Your resume contains a lot of important information, but it doesn't tell hiring managers anything about your personality. Personality is an important consideration when determining if a candidate is the right fit for a particular organization. A good cover letter can show a hiring manager that you are friendly and outgoing, or the way you write can indicate that you are more of an introvert and prefer to work on individual projects.

If you learned about the job opening via a personal referral, your cover letter is the perfect place to mention the referral's name and job title. Mentioning the person who referred you doesn't guarantee you an interview, but it might help you move forward in the job process. This is especially important if you expect the hiring manager to receive a high volume of applications for the position that interests you.

Writing a customized cover letter shows hiring managers you are truly interested in the job. It doesn't take much effort to attach your resume to a blank email, but it takes time and energy to craft a compelling cover letter that makes someone want to interview you. If you take the time to write a great cover letter, the hiring manager might infer that you are the type of person who takes commitments seriously.
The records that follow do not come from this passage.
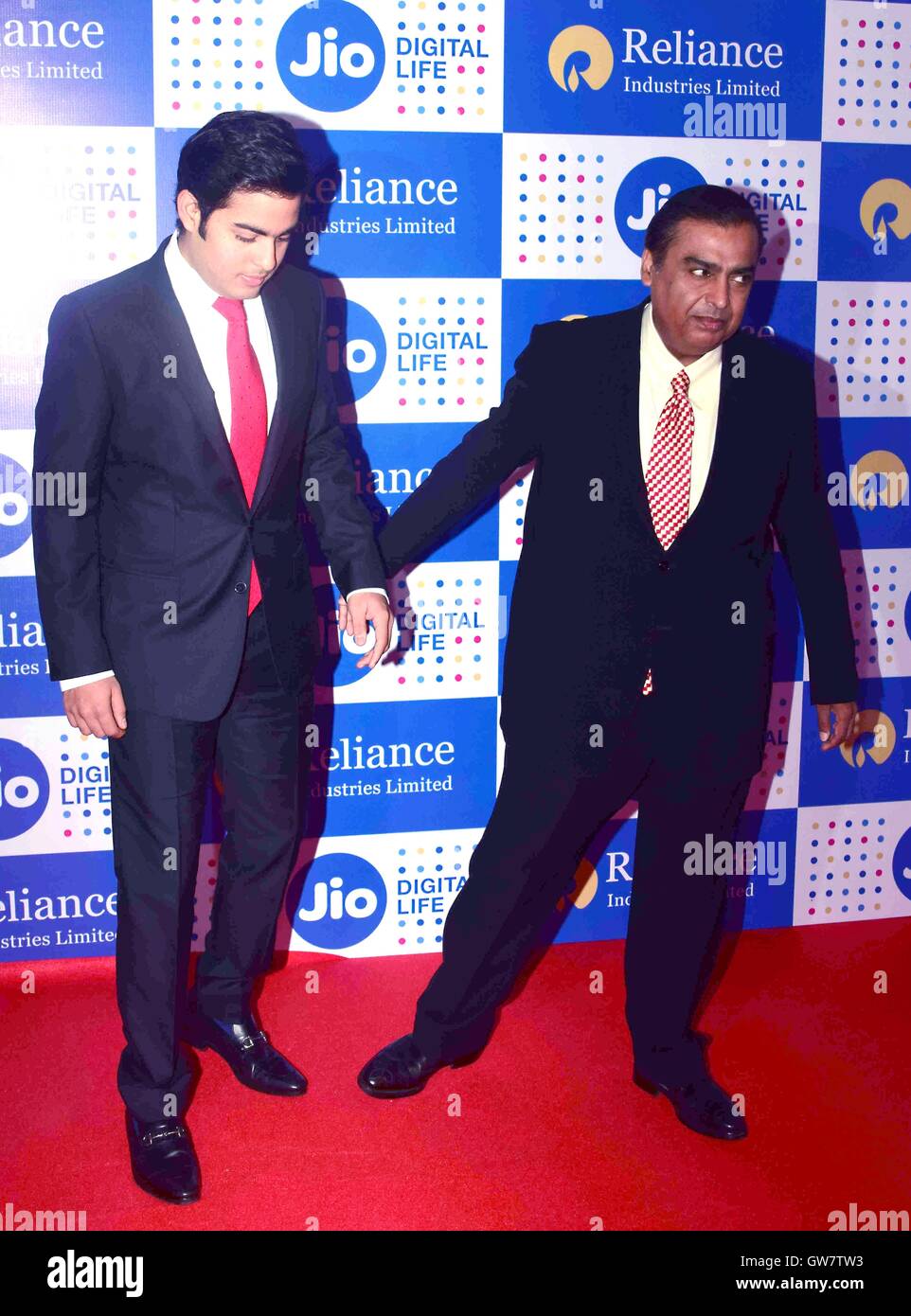 Reliance Industries Limited Chairman Mukesh Ambani with his son Akash Ambani Annual General Meeting Mumbai September 1, 2016 Stock Photo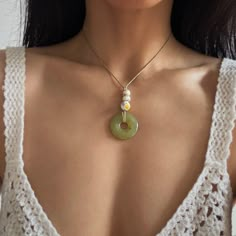 G R E E N ∙ S T O N E ∙ D O N U T ∙ N E C K L A C E ✨Features: * Material: Natural Green Stone, 8mm Freshwaster Pearl -2pcs, 10mm Cute Floral Bead -1pc, Wax Rope * Color: Green * Pendant Dimension: 1.2x1.2 inches / 3x3cm * Length: Adjustable, Max 47" / 120cm * Style: Boho Chic * Shipped with gift box * Handmade with love & care 📋Care Instructions: To maintain the luster of your choker, avoid contact with water, lotions, and perfumes. Store it in a cool, dry place when not in use. ✨Satisfaction Guaranteed: We stand by our craftsmanship. If you're not satisfied, contact us, and we'll make it right. EPISODE 33 Donut Stone Necklace, Green Stone Necklace, Green Pendants, Stone Beaded Necklace, Handcrafted Necklace, Handmade Jewelry Diy, Diy Crafts Jewelry, Jewelry Lookbook, Green Stone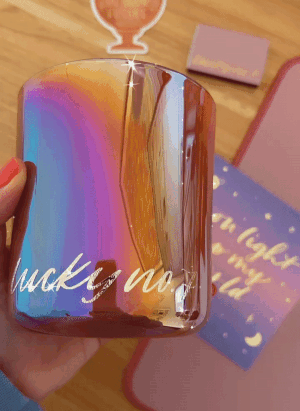 a gif of buzzfeed editor holding an iridescent candle that says 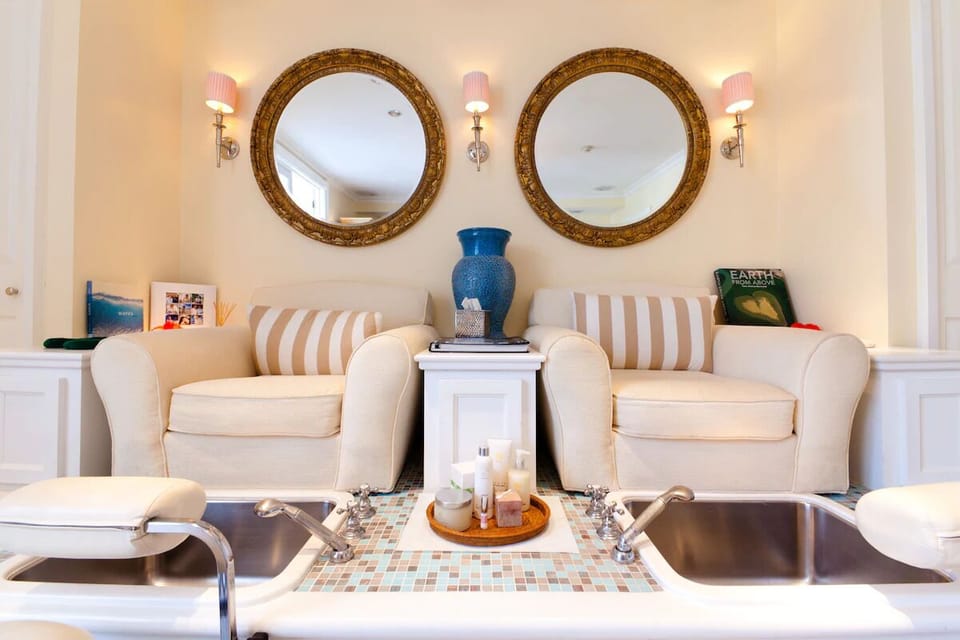 Indulge in pampering moments with plush seating and soft glow.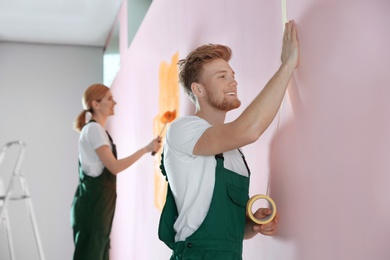 Photo of Professional decorators painting wall indoors. Home repair service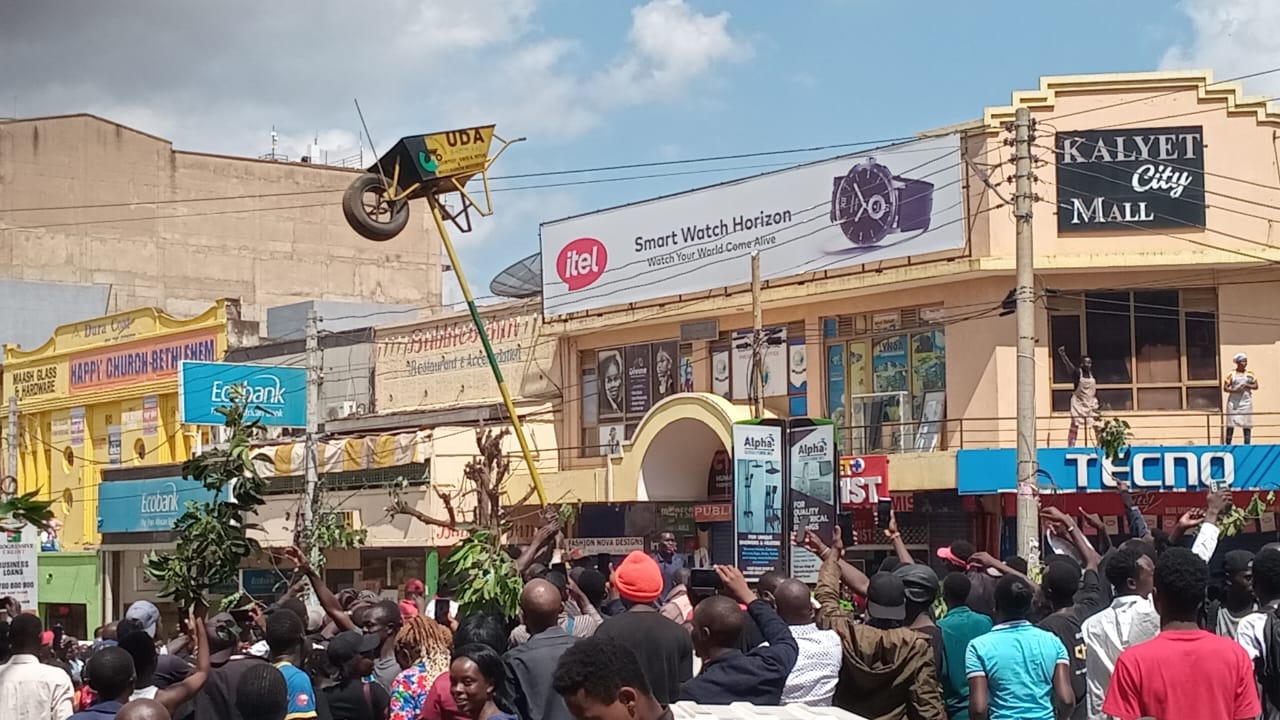 Angry residents pull down UDA wheelbarrows during anti-Finance Bill protests in Eldoret. PHOTO/TV47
Another benefit of submitting a targeted cover letter is that it gives you an opportunity to demonstrate your knowledge of the company or the industry in general. Hiring managers want to know that the people they hire are ready to hit the ground running, so to speak. If you demonstrate some basic knowledge of the company's products or policies in your cover letter, it is easier to convince the hiring manager to interview you. If you decide to include this type of information, research the company thoroughly. You don't want to damage your reputation by submitting a cover letter that contains errors or false assumptions.
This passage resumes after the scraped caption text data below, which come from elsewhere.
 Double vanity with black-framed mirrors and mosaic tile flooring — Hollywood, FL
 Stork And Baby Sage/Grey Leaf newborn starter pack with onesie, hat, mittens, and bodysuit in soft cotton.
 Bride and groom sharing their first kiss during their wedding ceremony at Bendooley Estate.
Finally, some employers use cover letters to assess the writing skills of each applicant. This is really important if you are looking for a job that requires a lot of writing. If you submit a strong cover letter without any errors, you're likely to have a better shot at the job than someone who submits a rambling letter that contains several typos or grammar issues.

Writing a customized cover letter is a good way to make your job search more effective. Not only does it let employers know you are serious about getting the job; it also gives you the opportunity to emphasize some of the skills mentioned in the job ad. If you submit a cover letter, be sure it shows off your personality and demonstrates why you make a great candidate for the position.